My thoughts on advanced techniques in budo, koryu Martial Arts. Learn sword Join my endeavors on PATREON …

16 thoughts on “Martial Arts Advanced techniques, Do they exist?

  1. dosdadio siapa says:

    I think that in everything there is a beginning which is the basic of something, and advancement which is more than just the beginning because it is additional to the basic form.

  2. Knuckle Puppy says:

    I certainly do believe every school/style I martial arts has certain moves and techniques, but to say "I know advanced arts and can teach them" should come with several grains of salt. He might. He/we should also know that he only speaks of the art he learned, from whomever would consider him proficient. Bad marketing ploy there.

  3. Mark Myers says:

    when you first walk in as a beginner…EVERYTHING is an "advanced" technique. You learn the basics… and if you think on what you are doing… at least with me… I start seeing something else to do, that would hinder at least, or maybe disarm or disable your opponent. That said, if you tried using them during practice and training, you might end up being called "a bad student". I don't know what a sensei would do as I have never gotten that far.
    I enjoyed the Shintokai Battado videos about his accident and your comments and vids. Idk why he would try out that move without doing it slow first. Its like a different car. gotta get used to it first.

    I just subscribed. keep up the good info.

  4. Bill Lancaster says:

    Thanks for the video Steven, thought provoking as usual.
    I must have been very lucky with my teachers. The idea of advanced techniques that aren't taught until you reach a certain rank, spent x amount of time training or paid the requisite fee were unthinkable.
    Saito Morihiro Shihan was my sensei's only teacher. He taught a logical progression of techniques that built on what was previously learnt. No secrets, no wait until Shodan/Sandan etc., nothing withheld from students. Just deep knowledge and amazing skills on display and shared with everyone.

  5. fmn2628 says:

    Respectfully disagree.
    IN MJER we have three Noto, shoden, chuden and okuden.
    Anyone crazy enough to start practicing them out of order for a few years a piece will surely stab themselves. In this case there is a gradual transition to develop the basic skill, then move to an intermediate level, and finally to the advanced form.
    And interestingly enough the most important Kata in the style (kihon) are all shoden waza.
    I have noticed in some of my own students, if you pass to many kata to them too fast they will look all like crap, and the advancement of the student may be greatly delayed, and fixing all their problems may be a near to impossible task. They will develop hard to break habits.
    Teach in a proper order, the basics, when these are properly dominated, move to intermediate, and finally to advanced. After this repeat indefinitely. Students should not be passed kata they are not ready for.
    Nothing more awesome than to watch my Sensei perform the basic Mae (1st shoden waza), he does it in such a way, I know its going to take me more than 20 years to do it in that manner. Every training session I teach I start with Mae.
    I will say against my own argument there are a couple of waza that seem to me classified as basic, yet they have all the skill elements of advanced kata (like ukenagashi as Shoden)

  6. Cliff Judge says:

    The problem with an advanced technique is that its hard to pull off. If it were simple and effective, then hiding it would be pointless because you are betting the other schools wouldn't be able to figure it out. And what happens when some other school has your advanced technique as one of their beginner techniques, and their beginner students are all better than your mid-level guys at doing your inner technique?

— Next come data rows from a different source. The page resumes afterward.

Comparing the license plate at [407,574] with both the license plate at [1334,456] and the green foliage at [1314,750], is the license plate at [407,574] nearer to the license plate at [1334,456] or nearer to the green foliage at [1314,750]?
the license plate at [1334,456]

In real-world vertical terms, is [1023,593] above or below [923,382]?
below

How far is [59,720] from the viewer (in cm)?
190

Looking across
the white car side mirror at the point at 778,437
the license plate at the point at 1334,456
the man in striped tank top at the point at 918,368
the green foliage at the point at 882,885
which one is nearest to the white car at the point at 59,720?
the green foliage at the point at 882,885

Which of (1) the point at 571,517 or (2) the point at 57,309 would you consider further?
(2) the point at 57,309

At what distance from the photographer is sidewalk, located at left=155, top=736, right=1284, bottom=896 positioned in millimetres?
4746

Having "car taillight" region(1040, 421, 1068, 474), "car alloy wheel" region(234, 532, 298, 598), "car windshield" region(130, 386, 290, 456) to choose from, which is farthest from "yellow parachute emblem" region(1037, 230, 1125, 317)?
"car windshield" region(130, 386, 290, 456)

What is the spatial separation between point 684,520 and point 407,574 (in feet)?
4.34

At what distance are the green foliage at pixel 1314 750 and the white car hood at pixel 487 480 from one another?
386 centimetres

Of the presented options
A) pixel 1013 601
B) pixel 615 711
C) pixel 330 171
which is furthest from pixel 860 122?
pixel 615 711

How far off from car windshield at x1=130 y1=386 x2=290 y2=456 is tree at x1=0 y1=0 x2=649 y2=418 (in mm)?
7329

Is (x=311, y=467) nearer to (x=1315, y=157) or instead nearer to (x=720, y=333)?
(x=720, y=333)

    No, they'd have to be difficult to pull off. That makes them impractical for use. So they wouldn't actually be a technique that a warrior would rely on if he needed to use it….they wouldn't be techniques for the battlefield.

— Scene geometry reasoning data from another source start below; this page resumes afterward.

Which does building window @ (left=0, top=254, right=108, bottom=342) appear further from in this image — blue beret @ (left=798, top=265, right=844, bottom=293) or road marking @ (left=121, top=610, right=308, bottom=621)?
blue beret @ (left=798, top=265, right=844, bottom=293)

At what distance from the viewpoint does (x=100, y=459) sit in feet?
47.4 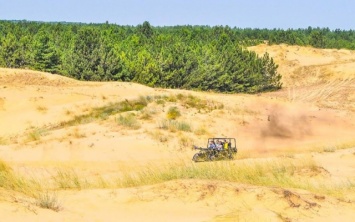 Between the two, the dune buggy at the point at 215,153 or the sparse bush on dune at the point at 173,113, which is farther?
the sparse bush on dune at the point at 173,113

    But what if they were techniques that were meant to open the student's mind to some new way of using his skills? Kind of like an inspiration. Well if that's what you want your advanced techniques to be, then they don't necessarily have to be effective in and of themselves. Come to think of it, they don't have to be advanced, at least not technically.

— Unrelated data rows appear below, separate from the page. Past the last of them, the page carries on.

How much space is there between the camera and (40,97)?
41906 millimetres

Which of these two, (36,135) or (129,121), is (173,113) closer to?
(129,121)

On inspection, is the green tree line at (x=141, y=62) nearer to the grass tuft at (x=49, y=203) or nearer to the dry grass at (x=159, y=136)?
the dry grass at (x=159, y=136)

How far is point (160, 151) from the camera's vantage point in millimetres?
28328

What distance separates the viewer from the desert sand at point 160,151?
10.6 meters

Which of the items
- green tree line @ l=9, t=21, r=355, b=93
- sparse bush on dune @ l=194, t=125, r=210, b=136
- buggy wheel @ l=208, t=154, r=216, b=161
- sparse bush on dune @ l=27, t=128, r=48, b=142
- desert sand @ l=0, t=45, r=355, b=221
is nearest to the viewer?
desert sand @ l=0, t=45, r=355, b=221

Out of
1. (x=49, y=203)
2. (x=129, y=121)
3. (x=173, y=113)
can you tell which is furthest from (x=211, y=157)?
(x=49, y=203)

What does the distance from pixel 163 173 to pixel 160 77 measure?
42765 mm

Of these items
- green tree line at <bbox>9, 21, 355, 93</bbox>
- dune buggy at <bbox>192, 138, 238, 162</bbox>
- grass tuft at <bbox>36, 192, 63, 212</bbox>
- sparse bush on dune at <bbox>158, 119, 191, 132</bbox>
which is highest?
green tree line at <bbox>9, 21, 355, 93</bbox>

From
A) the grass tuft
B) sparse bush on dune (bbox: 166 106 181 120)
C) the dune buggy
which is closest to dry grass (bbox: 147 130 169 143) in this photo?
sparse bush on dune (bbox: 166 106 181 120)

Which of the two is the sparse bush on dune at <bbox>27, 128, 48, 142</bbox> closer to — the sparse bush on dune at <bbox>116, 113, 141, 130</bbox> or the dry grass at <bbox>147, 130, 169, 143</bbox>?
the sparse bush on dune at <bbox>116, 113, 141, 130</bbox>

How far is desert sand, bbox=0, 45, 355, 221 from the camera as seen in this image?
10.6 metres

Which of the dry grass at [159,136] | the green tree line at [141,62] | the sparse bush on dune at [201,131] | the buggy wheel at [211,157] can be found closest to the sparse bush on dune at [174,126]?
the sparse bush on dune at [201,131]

    So where I go with this is that "advanced techniques," when you see them in the wild, are advanced not because of technical aspects, but because they are reserved for students who have trained awhile and absorbed the ryuha's teachings and approach. Their purpose is to bring the student up a step, or something like that. They aren't hidden because the public would be able to defeat the ryuha if they saw it, they are hidden because making them public would dilute their value to the students they are designed to help. That might actually still apply in 2017. Being able to watch something on youtube for years before you are taught it might cause you to form opinions as to what it is, before you are shown the proper way of doing it.

    My $.02.

  7. GTR Garage says:

    In Hakko-Ryu we have sets of techniques that were previously reserved for introduction at Kaiden/Shihan level, but everyone seems to practice them pretty early on at this point. It isn't anything amazing.

  8. Vasily Arzamastsev says:

    Hey Steven,
    I think today the only sense in "hiding" techniques is to follow the traditional curriculum.
    If we put everything on the table there is a massive possibility that we'll miss some crucial steps.
    For example in katas of Tenshinsho-den Katori Shinto Ryu there is one technique that appears during all omote jutsus (Ken, Bo, Naginata), but we practice it only doing So-jutsu. Not because of it's secrecy, but to prepare your legs, arms, maai first, and when you are trained enough you can try to make it right with a skilled partner.
    Cheers

  9. Classical martial Arts Research Academy (CMARA) says:

    As someone who has read, seen, and at least gotten some idea of the purpose of many gokui, okuden, hiden, etc. The vast majority tend to simply be perspectives of distances, timings, or angles of attack that were codified. Quite often the student learns these things through the basics or intermediate levels, and then the gokui lesson involves "when you take and maintain this distance, we call that __," or "angling the body to protect the center-line is called __." (whereas the blank space is usually a word unique to a tradition or branch of traditions; shinmyoken, seichusen, honmi, etc.).

    But then there are traditions that teach their hojojutsu in their "advanced" levels, or perhaps certain weapons like a sleeve pistol or a certain kind of trowing blade.

    So I think one's definition of an "advanced" technique is important. Like you mentioned Steve, this was often a matter of life or death for the teacher; as such not letting the students know that you carry a small pistol under your kimono, and that's something that would only be taught to a potential successor, certainly makes sense.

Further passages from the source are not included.